3.The assessee should express his willingness to pay both the prescribed compounding fees as well as establishment expenses.
4.The order passed for compounding should be passed only when compounding charges comprising of composition fee and establishment expenses are paid by the assessee/defaulter.
As mentioned before technical offences stand on a different footing from non-technical or substantive ones as is obvious from the following guidelines issued
1.All types of cases relating to technical offences are to be compounded by CCIT/DGIT.
2.There is to be no distinction between first offence and subsequent offence
3.CCIT/DGIT shall not reject an application for compounding of a technical offence, if all conditions prescribed in the guidelines are satisfied.
A non-technical offence can be compounded with the approval of the Board subject to satisfaction of the following conditions cumulatively in addition to conditions mentioned above
1.The offence is the first one by the assessee.

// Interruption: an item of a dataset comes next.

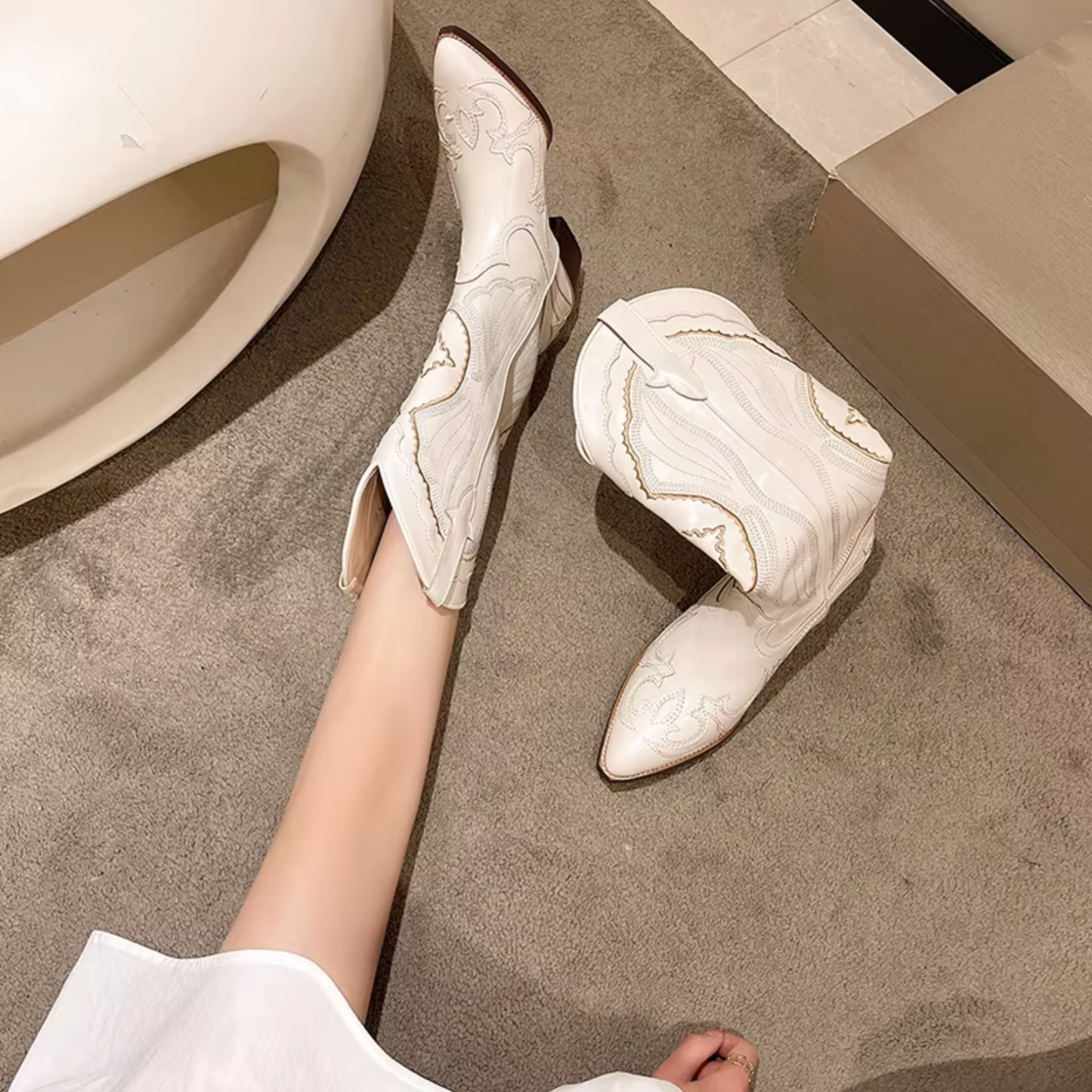 Sierlijke Orthopedische Laarzen voor Moderne Look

2.The Board's prior approval is obtained.
The guidelines also provide that in suitable and deserving case, the offence may be compounded after seeking approval from F.M.
The composition fees for compounding of various offences are as under:
Sec. 276 :- Rs. 2/- for every day during which the default continues.
Sec. 276B :- 2% per month of the amount of tax in default.
Sec. 276BB:- 2% per month of the amount of tax in default.
Sec. 276C(1) :- 50% of the tax amount sought to be evaded
Sec. 276C(2) :- 2% per month of the amount of tax the payment of which is sought to be evaded.
Sec 276CC:- 2% per month of the assessed tax.
Sec 277 :- 50% of the tax amount sought to be evaded
No composition fee is prescribed for other offences. However, it has been provided that the Board can consider the same on a case to case basis. The compounding charges shall also include prosecution establishment expenses which will be charged @ 10% of the composition fee subject to a maximum of Rs. 50,000/-.
Thus, compounding of an offence could only be made if a written request by way of an application is made by an assessee bringing out in the application following points.
i.The nature of offence for which prosecution is launched or proposed to be launched;
ii.The reasons and circumstances under which the offence was committed;
iii.The applicant's willingness to pay the compounding fees including the part of litigation expenses incurred by the Department till the date of compounding of the offence;
iv.Whether the applicant satisfies the requisite conditions or not.
v.Lastly there should be a prayer to compound the offence by accepting the compounding fees on getting the approval about the compounding fees by the compounding authority.
As such one can see that the Revenue has focused and modified its guidelines to attract and induce more defaulters and assesses to compound the offenses and as such the offences under the Act on today's date only exist to induce assesses to pay money instead of suffering incarceration. Though these offences exist in the statute the conviction rate for the same unearths the underlying truth that the same are mere tools empowering the revenue to threaten and extort a tax payer. The act empowers and grants sweeping powers to the CIT and CIT(A) regarding compounding and as opposed to the Criminal Procedure Code, 1973 there is no judicial supervision involved in compounding of the offences under it. By virtue of 278E defenses bases on mens rea or intent which are part and parcel of every criminal offence have been taken away thereby in fact making them statutory offenses. The same though supported by the will of the legislature is contradictory to the principles of criminal jurisprudence as the period of incarceration for some of the offences goes till a maximum period of 7 years in some cases unlike most statutory offences.